最初はリーベルツ王国を支配することを目的にやって来たが、そこで出会った人間の女性、オリヴィアと恋に落ち、人間と共存する道を選んだ。これが、ジェネシスが悪さをしなかった大きな要因である。
しかし、オリヴィアの正体は光の加護を受けた聖女で、ジェネシスは彼女に魔力を半分以上封印されてしまう。聖女はそういった特殊能力を持っていたのだ。
オリヴィアはリーベルツの王と愛人関係にあり、魔王に支配されることを恐れた王のためにジェネシスに近づき、完全に惚れさせたところで寝ているジェネシスから光の加護の力で魔力を封印した。
異変に気づいたジェネシスに問い詰められ、すべてを自白すると『もとに戻せ』と脅され絶体絶命になったオリヴィアは、そのまま古城の窓から飛び降りて死んでしまった。そのため、ジェネシスの魔力が奪われたことは誰にも知られることはなかった。
……オリヴィアはかなり重い女で、遂には王に愛想を尽かされ、ジェネシスから魔力を奪えば振り向いてもらえると思っていたって設定もあったような。王を脅かすジェネシスが邪魔で、魔力を戻すくらいなら死んだほうがマシって考えだったっけ。
愛した人に裏切られたショックでジェネシスは塞ぎこんでしまうが、このままでは終われないと考え始める。封印を解き、自分を騙した人間への復讐をする決意をしたのだ。今度こそ確実に、リーベルツ王国を支配すると。
封印を解くには、同じく光の加護を受けた聖女の力が必要。
そのために、孤児院でいちばん魔力の高かったアイラを養子に引き取り、聖女にするため育て上げることにしたのだ。

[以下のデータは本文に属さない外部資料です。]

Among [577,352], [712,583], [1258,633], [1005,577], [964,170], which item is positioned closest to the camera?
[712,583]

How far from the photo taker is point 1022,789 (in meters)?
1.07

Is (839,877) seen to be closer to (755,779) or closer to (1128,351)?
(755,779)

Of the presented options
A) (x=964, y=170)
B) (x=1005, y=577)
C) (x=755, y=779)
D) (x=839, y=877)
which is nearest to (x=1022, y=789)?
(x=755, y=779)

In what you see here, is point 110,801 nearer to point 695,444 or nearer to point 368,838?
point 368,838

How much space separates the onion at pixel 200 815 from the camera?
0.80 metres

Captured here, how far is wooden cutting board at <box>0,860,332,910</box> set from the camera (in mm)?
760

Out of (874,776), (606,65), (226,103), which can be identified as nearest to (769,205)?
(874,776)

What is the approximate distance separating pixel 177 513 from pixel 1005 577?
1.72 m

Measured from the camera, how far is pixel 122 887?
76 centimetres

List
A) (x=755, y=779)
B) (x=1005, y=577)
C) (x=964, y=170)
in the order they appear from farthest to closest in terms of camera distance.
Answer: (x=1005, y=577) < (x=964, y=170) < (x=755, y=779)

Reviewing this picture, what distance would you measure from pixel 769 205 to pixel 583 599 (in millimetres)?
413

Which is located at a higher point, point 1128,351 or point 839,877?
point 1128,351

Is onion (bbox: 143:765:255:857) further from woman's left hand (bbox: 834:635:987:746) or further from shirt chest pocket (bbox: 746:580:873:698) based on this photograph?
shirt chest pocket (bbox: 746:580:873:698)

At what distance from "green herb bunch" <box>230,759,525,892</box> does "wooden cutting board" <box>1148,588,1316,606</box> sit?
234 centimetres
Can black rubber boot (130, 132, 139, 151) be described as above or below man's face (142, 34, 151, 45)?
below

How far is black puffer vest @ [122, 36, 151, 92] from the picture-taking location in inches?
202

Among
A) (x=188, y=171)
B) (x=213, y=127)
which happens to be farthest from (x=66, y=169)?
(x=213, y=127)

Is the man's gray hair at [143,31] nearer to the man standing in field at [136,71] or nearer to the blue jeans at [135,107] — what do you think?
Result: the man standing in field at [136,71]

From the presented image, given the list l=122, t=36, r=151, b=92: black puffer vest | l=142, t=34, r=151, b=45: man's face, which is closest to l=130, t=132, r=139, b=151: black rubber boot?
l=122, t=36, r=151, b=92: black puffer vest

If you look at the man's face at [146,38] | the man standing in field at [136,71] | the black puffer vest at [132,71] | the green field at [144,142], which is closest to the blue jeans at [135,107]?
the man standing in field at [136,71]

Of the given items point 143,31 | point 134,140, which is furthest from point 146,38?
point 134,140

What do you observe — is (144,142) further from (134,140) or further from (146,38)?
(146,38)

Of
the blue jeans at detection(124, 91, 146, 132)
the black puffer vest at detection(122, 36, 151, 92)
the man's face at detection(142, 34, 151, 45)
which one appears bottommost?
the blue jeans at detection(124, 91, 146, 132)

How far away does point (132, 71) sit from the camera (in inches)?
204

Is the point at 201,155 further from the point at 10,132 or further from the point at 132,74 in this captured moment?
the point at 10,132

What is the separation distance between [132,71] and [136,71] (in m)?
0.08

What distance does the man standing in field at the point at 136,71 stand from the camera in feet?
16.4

ジェネシスに命令されアイラは魔法訓練を受けるが、厳しすぎて嫌々やっていたためなかなか魔力が上がらなかった
魔王の子というだけで、人間からも嫌われ学園でも疎まれ、周りから愛されるかつ魔力の高いクリスタに嫉妬し、ひどいいじめを繰り返すのよね……。
結局どのルートでも加護を授かるのはクリスタで、アイラはその結果役立たずとして殺される。これが私、アイラ・アルバーンが〝めいぷれ〟で辿る運命。

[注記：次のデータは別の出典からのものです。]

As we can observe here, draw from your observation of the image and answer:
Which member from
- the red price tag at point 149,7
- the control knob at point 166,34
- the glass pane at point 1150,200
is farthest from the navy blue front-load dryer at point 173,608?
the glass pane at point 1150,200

そしてジェネシスはなんとしても封印を解くためクリスタや国民を襲うものの、聖女となったクリスタに返り討ちにされ、結局復讐は成し遂げられず終わる。
ちなみに、クリスタがジェネシス攻略ルートに入った場合は、ジェネシスが改心するかわりになぜかアイラが闇落ちしてラスボスポジションになるのよね。
これに関しては私が闇落ちしなければいいだけだが、ジェネシスは全員攻略後しか攻略できないっていう縛りがあった。
この世界はゲームじゃない。だから、二週目なんてない。クリスタがジェネシスルートに入ることはないと考えていいだろう。
思い出す限りのゲーム展開や公式設定集に書かれた内容をメモにびっしりと書いたあと、私は心の中で叫ぶ。
――ラスボスに殺されるのも、闇落ちしてラスボスになるのもごめんだわ!
なんとしてでもゲームと同じエンディングを迎えることは避けたい。せっかく生まれ変わったのに、享年十六歳だなんてぜっったいに嫌! 今世ではせめて、前世より長生きしたい!
だとしたら、私にできることはただひとつ。
必死に魔力を上げ、クリスタよりすごい魔法使いになって光の加護を授かるしかない。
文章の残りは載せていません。